Kruskal vs Prim, MST decision

The decision#

The question is given a connected weighted undirected graph, which minimum-spanning-tree algorithm do you reach for? In one sentence: Kruskal when the input is a sparse explicit edge list, Prim when the graph is dense or implicit; both are correct, and on distinct edge weights they return the same tree. The discriminator is not which algorithm "is faster" in some abstract sense. The discriminator is the shape of the input and the way that shape interacts with the cut property.

The flowchart#

The four-branch decision the page teaches. Density picks the algorithm; modeling tricks and parallelism layer on top. Most interview problems land at the top two branches.

Algorithms compared#

Both Kruskal and Prim are corollaries of the same theorem. The cut property says that for any partition of the vertices into two non-empty sets, the lightest edge crossing the cut belongs to some minimum spanning tree. CLRS proves this in Chapter 23 of the third edition (Chapter 21 of the fourth) as Theorem 21.1, the safe-edge theorem from which both algorithms drop out as special cases.^[1] Kruskal and Prim differ in how they pick the cut. Kruskal sweeps edges in weight order and lets the union-find structure decide which cut each edge crosses. Prim fixes the cut to "tree built so far" versus "everything else" and grows the tree one frontier vertex at a time.

Kruskal: sparse, edge-list + union-find#

Pick Kruskal when the input is a flat list of weighted edges and the graph is sparse, so E = O(V) to O(V log V).
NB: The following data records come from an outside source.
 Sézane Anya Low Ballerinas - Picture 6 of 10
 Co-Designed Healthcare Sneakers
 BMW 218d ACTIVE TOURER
The shape of the algorithm is the shape of the input: sort the edge list ascending by weight, walk it once, accept each edge whose endpoints sit in different components, halt at V - 1 accepts. The cycle check is a union-find call returning O(α(V)) amortized, effectively constant, so the post-sort loop is O(E α(V)) and the sort dominates at O(E log E).^[1:1]^[2] Note that O(E log E) and O(E log V) are equivalent up to constants because E ≤ V², so log E ≤ 2 log V.

The deeper reason to pick Kruskal: edges are first-class in its formulation. When the problem asks you to think about edges, which to keep, which to remove, which is critical, the flat sorted list is the natural data structure to perturb. Minimum spanning tree: Kruskal's algorithm carries the four-language reference and a worked seven-vertex example.
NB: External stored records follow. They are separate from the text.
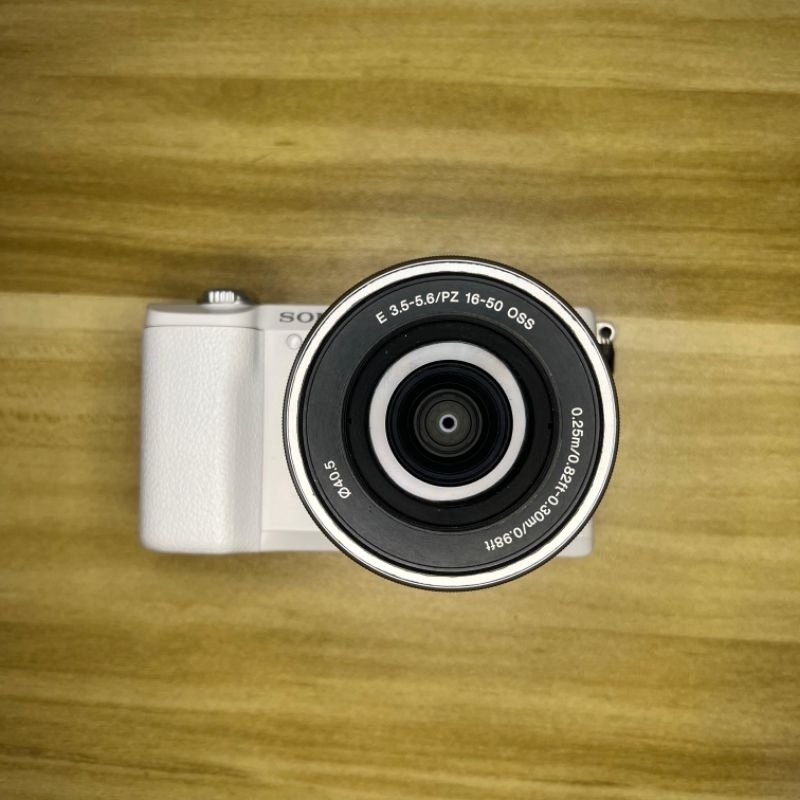 SONY MIRORLES A5100 SECOND PUTIH WHITE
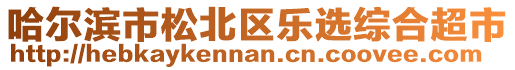 哈爾濱市松北區(qū)樂選綜合超市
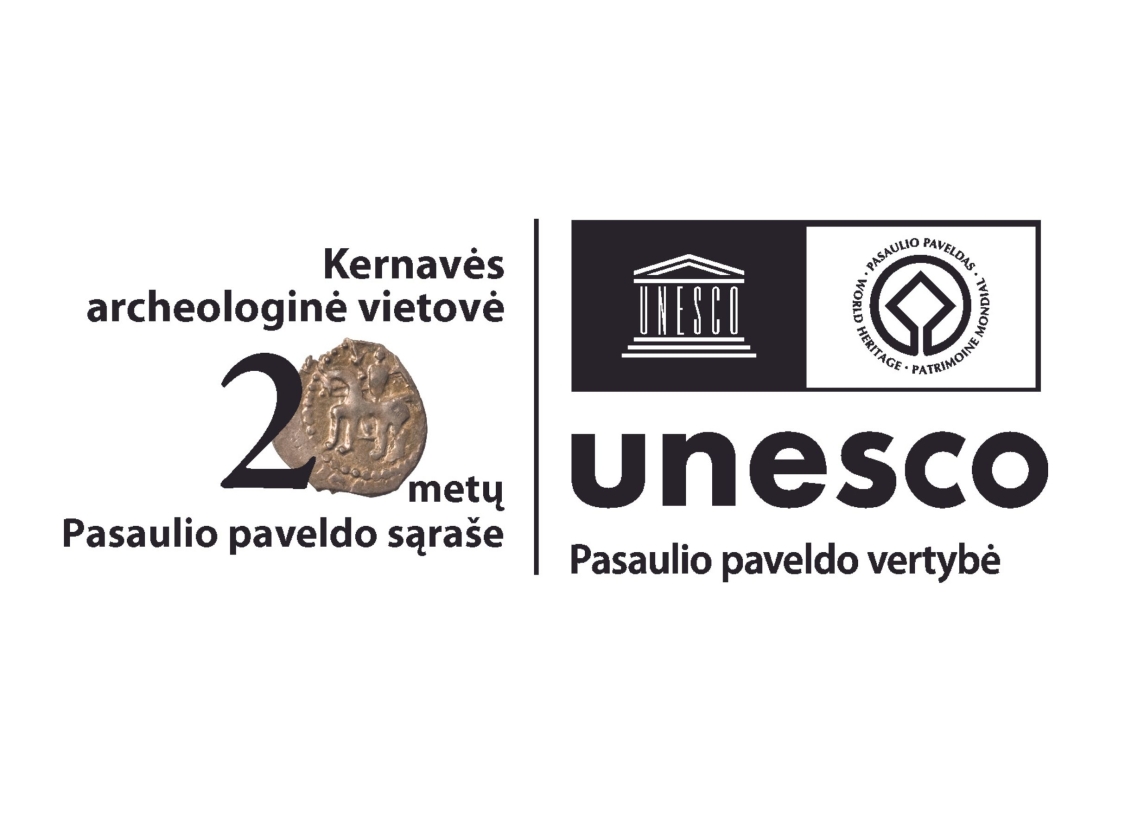 Kernavės archeologinė vietovė 20 metų UNESCO Pasaulio paveldo sąraše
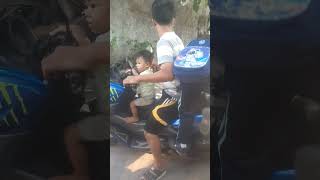 anterin aa sekolah #shortvideo #trendingshorts #funny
Time O(E log E). Space O(V + E) for the edge list and DSU. Disconnected graphs come for free: drop the early break and check accepted == V - 1 after the loop to detect whether the input was actually connected.

The proof of correctness drops out of the cut property in one step. When Kruskal considers an edge (u, v) and finds the endpoints in different components, the partition "u's component" versus "everything else" is a valid cut, and (u, v) is the lightest edge crossing it (every cheaper edge has already been processed and either accepted into one of the two components or rejected as cycle-closing). The cut property says taking that edge is safe.^[1:2] Repeat V - 1 times; the result is optimal. The rejection case is symmetric and goes by the cycle property: any rejected edge is the heaviest in the cycle it would close, so dropping it is also safe.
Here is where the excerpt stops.